Linux-mm Archive on lore.kernel.org
 help / color / Atom feed
From: Roman Gushchin <guro@fb.com>
To: Dennis Zhou <dennis@kernel.org>
Cc: Tejun Heo <tj@kernel.org>, Christoph Lameter <cl@linux.com>,
	Andrew Morton <akpm@linux-foundation.org>, <linux-mm@kvack.org>,
	<linux-kernel@vger.kernel.org>, Roman Gushchin <guro@fb.com>
Subject: [PATCH rfc 0/4] percpu: partial chunk depopulation
Date: Wed, 24 Mar 2021 12:06:22 -0700
Message-ID: <20210324190626.564297-1-guro@fb.com> (raw)

In our production experience the percpu memory allocator is sometimes struggling
with returning the memory to the system.

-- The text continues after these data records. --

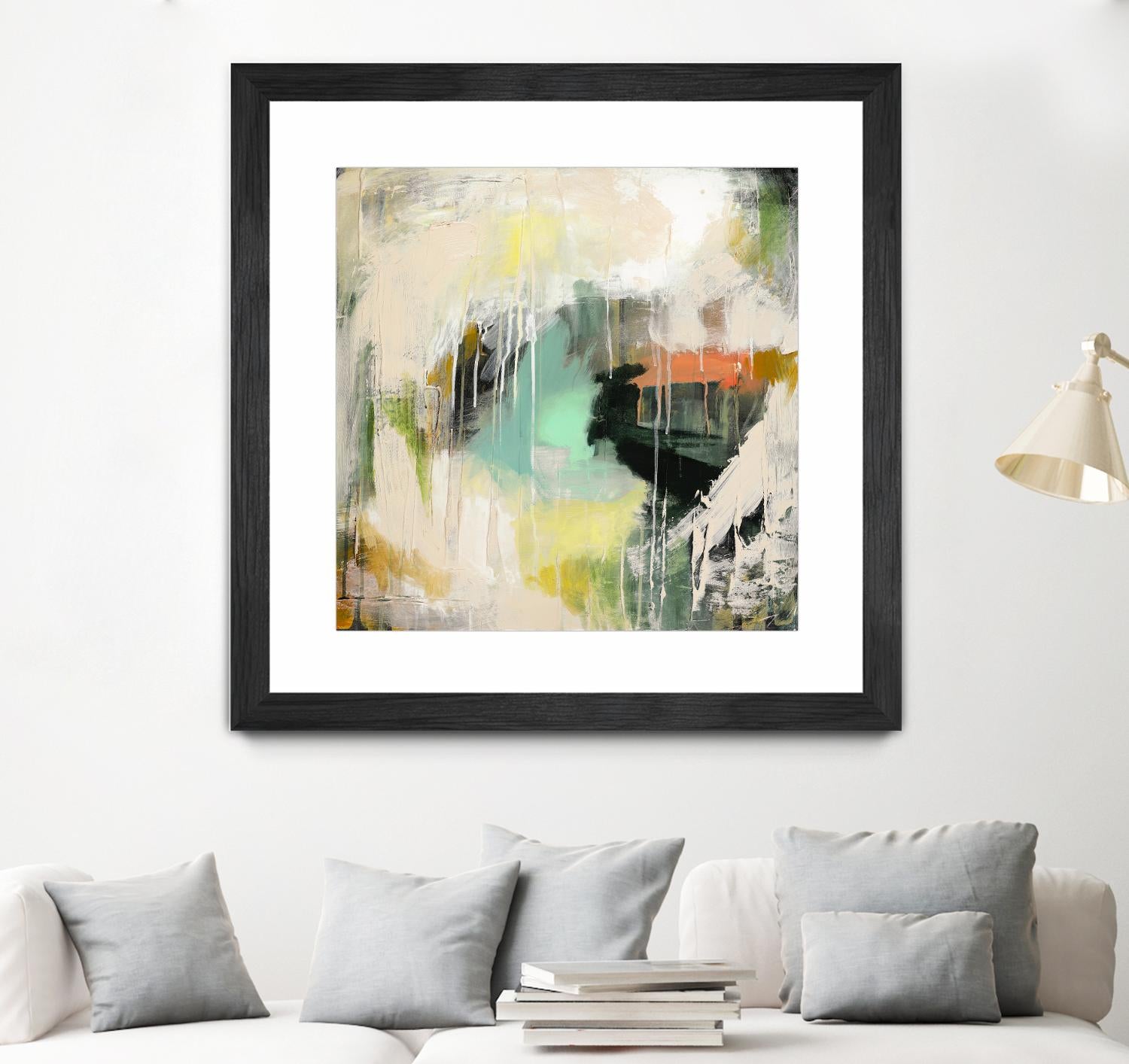 Tunnel Vision 1 by Brenna Harvey on GIANT ART - red abstract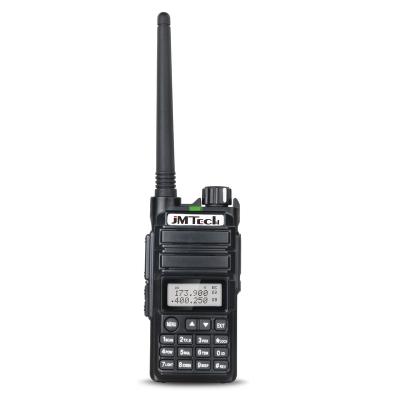 China Two way radio JM-X1UV long battery life 128 channels walkie talkie ham radio long range fm dual band handheld transmitter cheap price for sale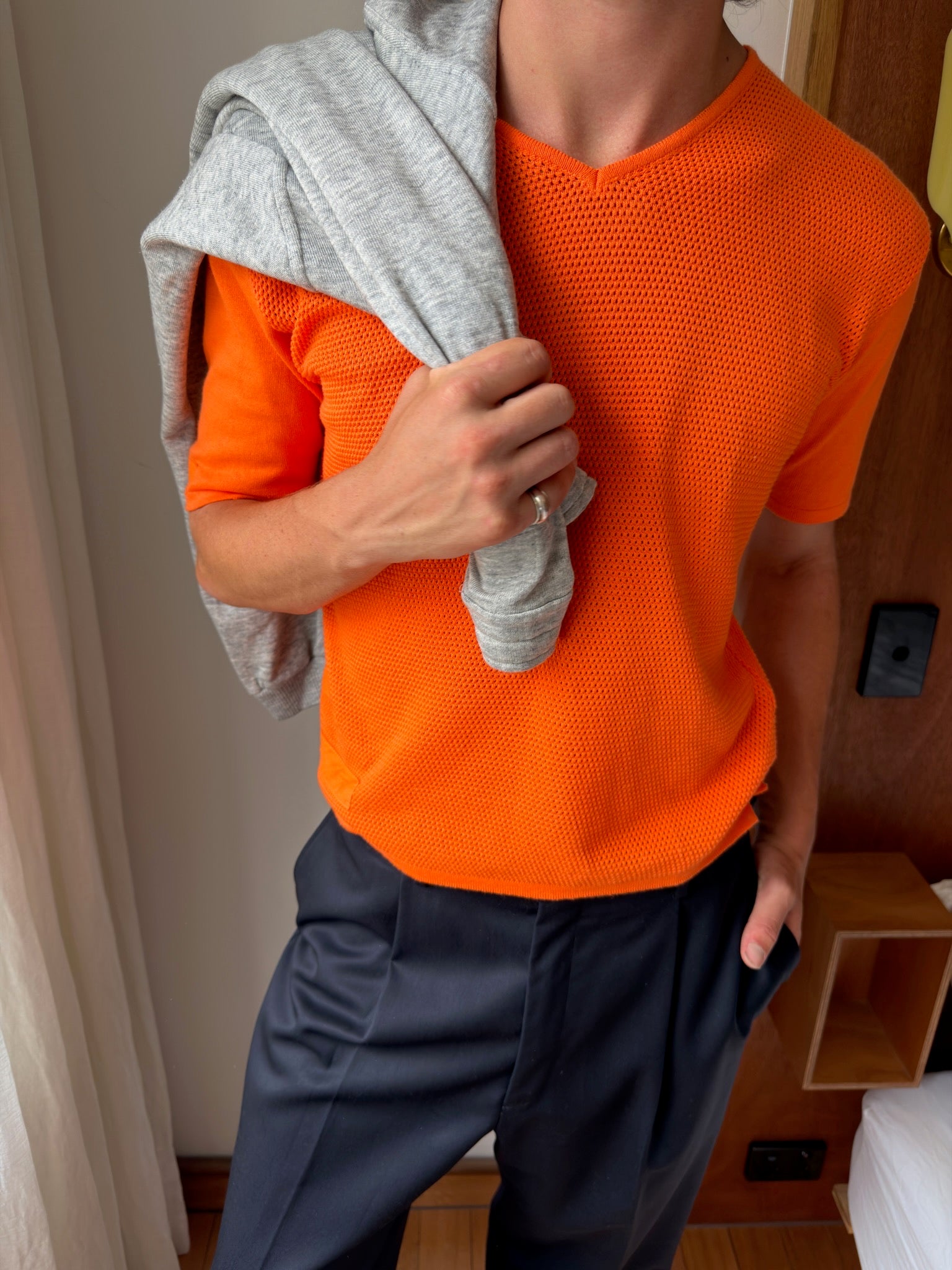Patma Knit Tee - Orange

A typical example is a creation of
several thousands memory cgroups (each has several chunks of the percpu data
used for vmstats, vmevents, ref counters etc). Deletion and complete releasing
of these cgroups doesn't always lead to a shrinkage of the percpu memory.

The underlying problem is the fragmentation: to release an underlying chunk
all percpu allocations should be released first. The percpu allocator tends
to top up chunks to improve the utilization. It means new small-ish allocations
(e.g. percpu ref counters) are placed onto almost filled old-ish chunks,
effectively pinning them in memory.

This patchset pretends to solve this problem by implementing a partial
depopulation of percpu chunks: chunks with many empty pages are being
asynchronously depopulated and the pages are returned to the system.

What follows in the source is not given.